Here I lay, on the first day of 2012 in bed, afraid to move in case the nausea returns. In case anyone is getting the wrong idea, I did not get drunk last night. I had my boys for New Years, and Gerry spent pretty much all day in a state of unflinching defiance until I put him to bed in what was his actual bedtime, which I never stick to when he's over.
As a treat, I told Nick he could stay up until midnight and ring in the New Year. I promised him secure in the knowledge that he'd never make it to midnight and I could go to bed at my leisure. Ha! My Nick is a chip off the old block and if he gets to stay up until midnight, then by God, he's going to stay up until midnight, even if it kills him.

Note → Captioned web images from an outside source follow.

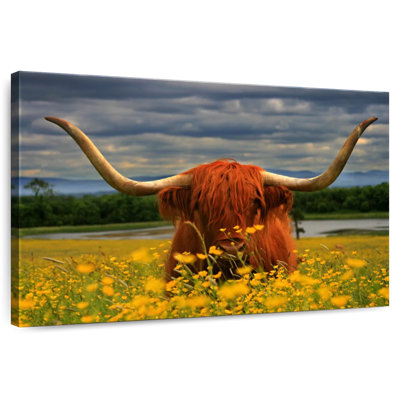 Brampt Floral Highland Cow
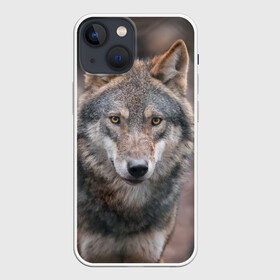 Чехол для iPhone 13 mini с принтом Wolf в городе Новоалтайск,  |  | зверь | лес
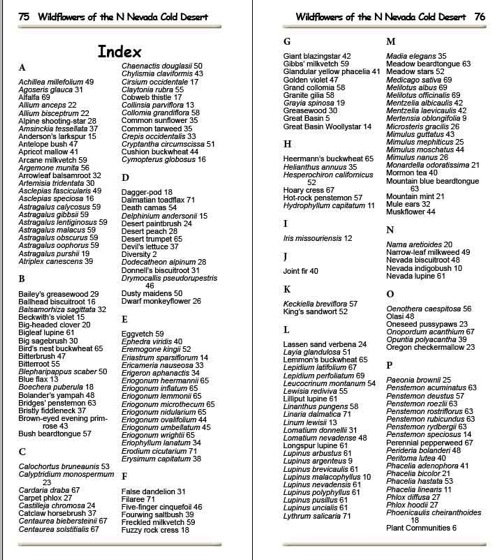 3 Index sample pageB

Actually, I was the one who almost didn't make it. I kept nodding off on the couch and when Nick sensed that I was falling asleep, he'd jump up and down on me shouting "WAKE UP! WAKE UP!" until I chugged a can of Coke, which had been sitting in the fridge since the barbecue I had for my English cousins back in September. That on a stomach of pizza and potato chips.
Oh yeah, I'm hardcore.
So midnight comes and goes, and we watch the festivities on TV and Nick as always has about a million questions: are people celebrating? are people celebrating here? how many people are celebrating? do people celebrate in apartments? and so on and so forth until I change the subject and ask if he wants to call his mom and wish her a happy new year, and he says perhaps the most brilliant thing I've ever heard him say:
"No... New Years is stupid! They should have it earlier so I can go to bed. Goodnight!"
And that was it. He hugged me and went to bed. I couldn't be more in agreement son.
This morning Gerry was the same as he was the day before. I started making my chicken soup in the slow cooker, not feeling all that particularly well. I put it down to the smorgasbord of crap I ate last night and carried on, until it was pretty obvious that I could barely stay on my feet. The room started spinning and I spent a bit of time in the bathroom preemptively to avoid a dizzy mad dash to the bathroom. I put Gerry to bed and texted the ex at about 11 to pick up the boys immediately. She came about 4 hours later, but at least she came. Nick left a little dejected that we didn't do anything today, and threw a bit of a tantrum on the way out. I crawled to bed and I've been here ever since. The dizziness seems to be subsiding, and my stomach is growling, although I don't feel particularly hungry. A banner 2012 start, to be certain, and this is actually one of the better New Years I've spent. Since I started going out for New Years Eve when I was 14, I've probably had 3 good ones, 3 passable ones and a whole lot of shitty ones. Between 1993 and 2001, every single year some ridiculously drunk girl would blubber on my shoulder because her boyfriend was such an asshole. Back then, I was too much of a doormat to tell them that hey, things are tough all over, but things aren't gonna change until you stop telling me and start telling him how you feel. The exception was in 1994 when I spent my New Years Eve waiting at a gas station to score weed for everyone at the party and have everyone leave (including the girl I was chatting up) after got back. But 1996 made up for that when the girl who cornered me and sobbed out her life story ended up stabbing me in the arm. Ah memories.
Yes Nick, New Year's is stupid. I was 20 years older than you by the time I figured that out.